Given data
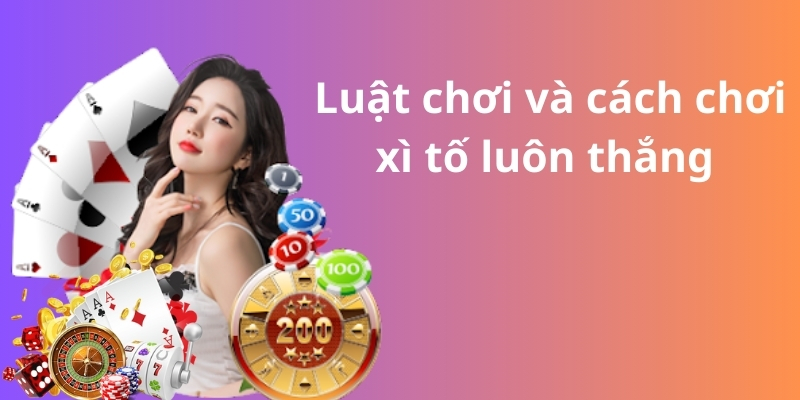 Mách bạn cách chơi xì tố luôn thắng từ các cao thủ 3 Luật chơi và cách chơi xì tố luôn thắng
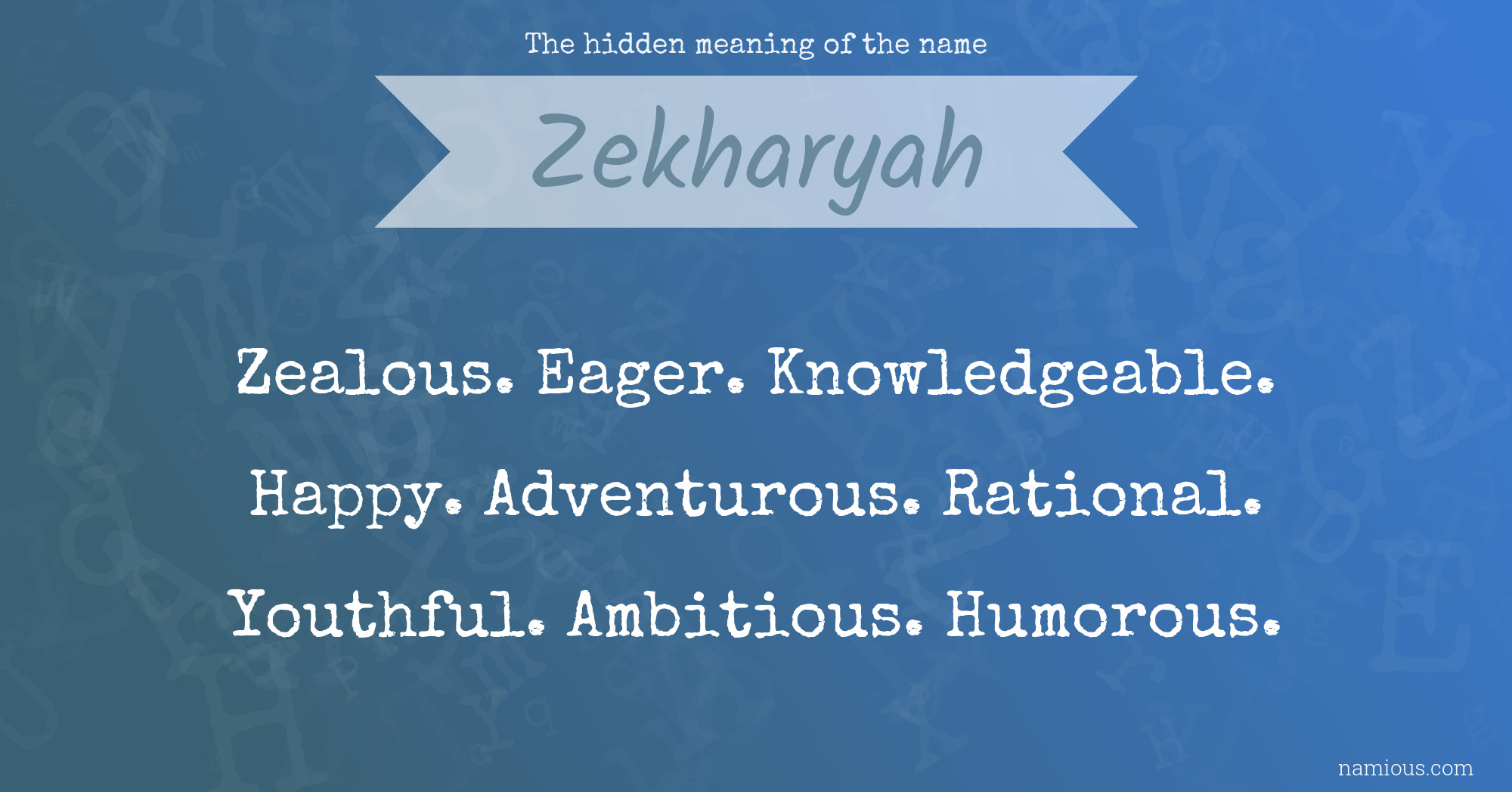 The hidden meaning of the name Zekharyah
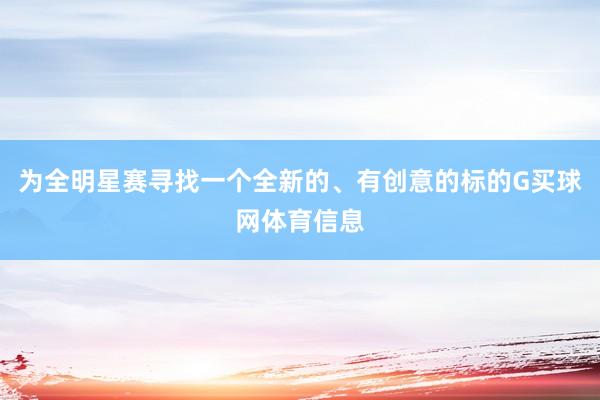为全明星赛寻找一个全新的、有创意的标的G买球网体育信息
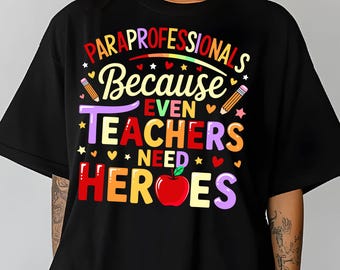 Paraprofessionals Because Teachers Need Heroes PNG SVG, Paraprofessionals shirt Design, School Teacher Designs  Png, Teacher Assistant Png.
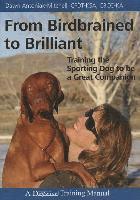 Dawn Antoniak-Mitchell - From Birdbrained To Brilliant: Training The Sporting Dog To Be A Great Companion, Häftad. Tillgänglighet: Lägg i varukorg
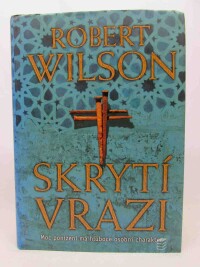 Wilson, Robert, Skrytí vrazi, 2008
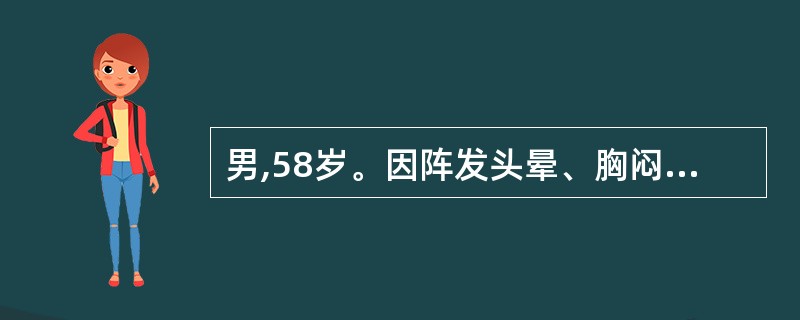 男,58岁。因阵发头晕、胸闷伴黑朦1个月就诊。查体:BP90£¯60mmHg,双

What is needed
What is wanted is an exact copy of the lines from the line with "The hidden meaning of the name Zekharyah" through the end of the records, both ends included, pictures excluded.

Result
 The hidden meaning of the name Zekharyah
为全明星赛寻找一个全新的、有创意的标的G买球网体育信息
 Paraprofessionals Because Teachers Need Heroes PNG SVG, Paraprofessionals shirt Design, School Teacher Designs  Png, Teacher Assistant Png.
 Dawn Antoniak-Mitchell - From Birdbrained To Brilliant: Training The Sporting Dog To Be A Great Companion, Häftad. Tillgänglighet: Lägg i varukorg
 Wilson, Robert, Skrytí vrazi, 2008
 男,58岁。因阵发头晕、胸闷伴黑朦1个月就诊。查体:BP90£¯60mmHg,双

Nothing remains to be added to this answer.